As soon as I try to make one I will post it again, thanks Dick


----------



## papadan (Mar 6, 2009)

I think this is it on the Minwax site. Bottom of the page. http://www.minwax.com/projects/outdoor/


----------



## Karson (May 9, 2006)

Nah Dick I need plans for your chair. If I'm going to rip of someone. I want to do it to someone that I care about.


----------



## Innovator (Jan 20, 2009)

Thanks for sharing, nice chair but I agree yours is better.


----------



## Chipncut (Aug 18, 2006)

*Thanks Everybody!*

I was trying not to be too boisterous, but after thinking it over, I also like Barb's chair better.*<Q}#*

Maybe some great *Sketchup artist* like *daveR* could make a pattern for us from the picture.


----------



## Chipncut (Aug 18, 2006)

THANK YOU DAVE!

I'm sorry but you'll have to wait, we're not at our cabin right now,

because I have a major repair job to do on our gazebo storage shed.

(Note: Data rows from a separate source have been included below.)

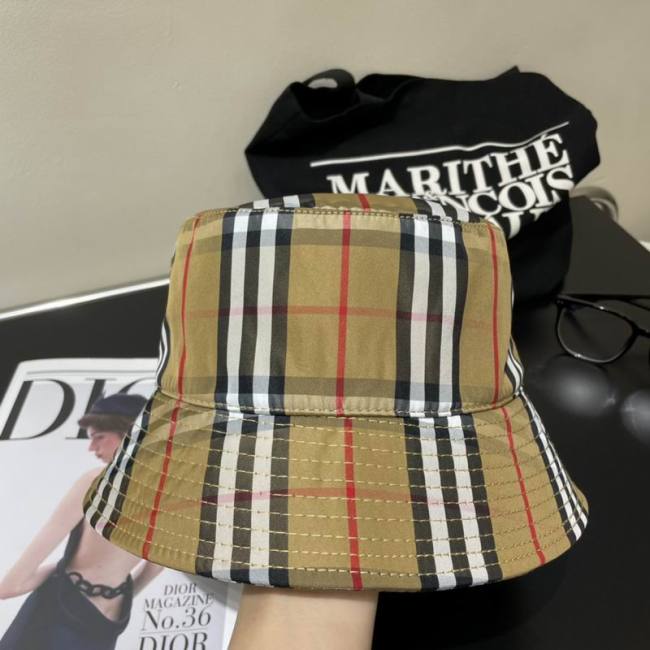 Burberry Bucket Hats AAA-136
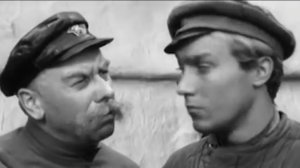 ВОЛОКИ ЭТУ ДУРУ СЮДА!!! сцена из фильма Служили два товарища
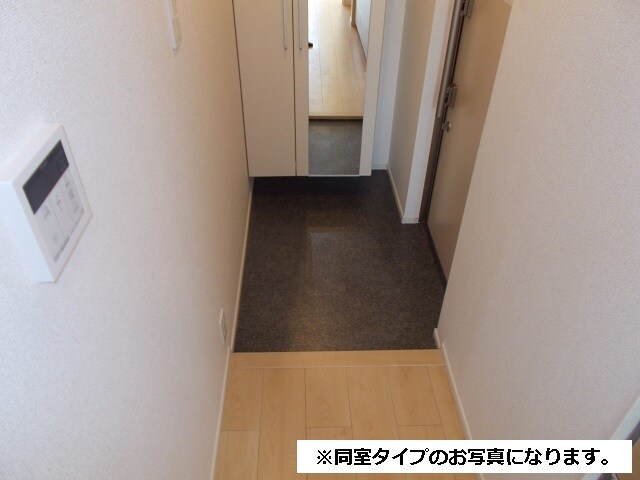 6/20 玄関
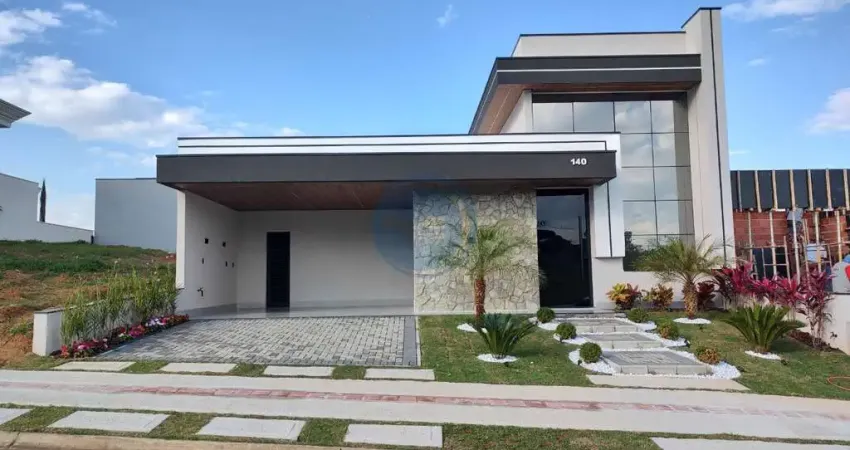 Imperdível: Casa à venda em Indaiatuba-SP no Residencial London Park com 3 quartos, 3 suítes e 196,16 m² de área!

I had a small leak in a couple of places on the roof, & some carpenter

ants have taken over. They've done some major damage. I'll have to replace some rafters, & sheathing.


----------



## Chipncut (Aug 18, 2006)

I'm changing the roof line so I can get a steeper pitch.

I wouldn't have to do this, but I have to replace so much, it's a good time to do it.

It also has to be the hottest days we've had this summer.

I took some pictures, so I'll post them on My Blog.


----------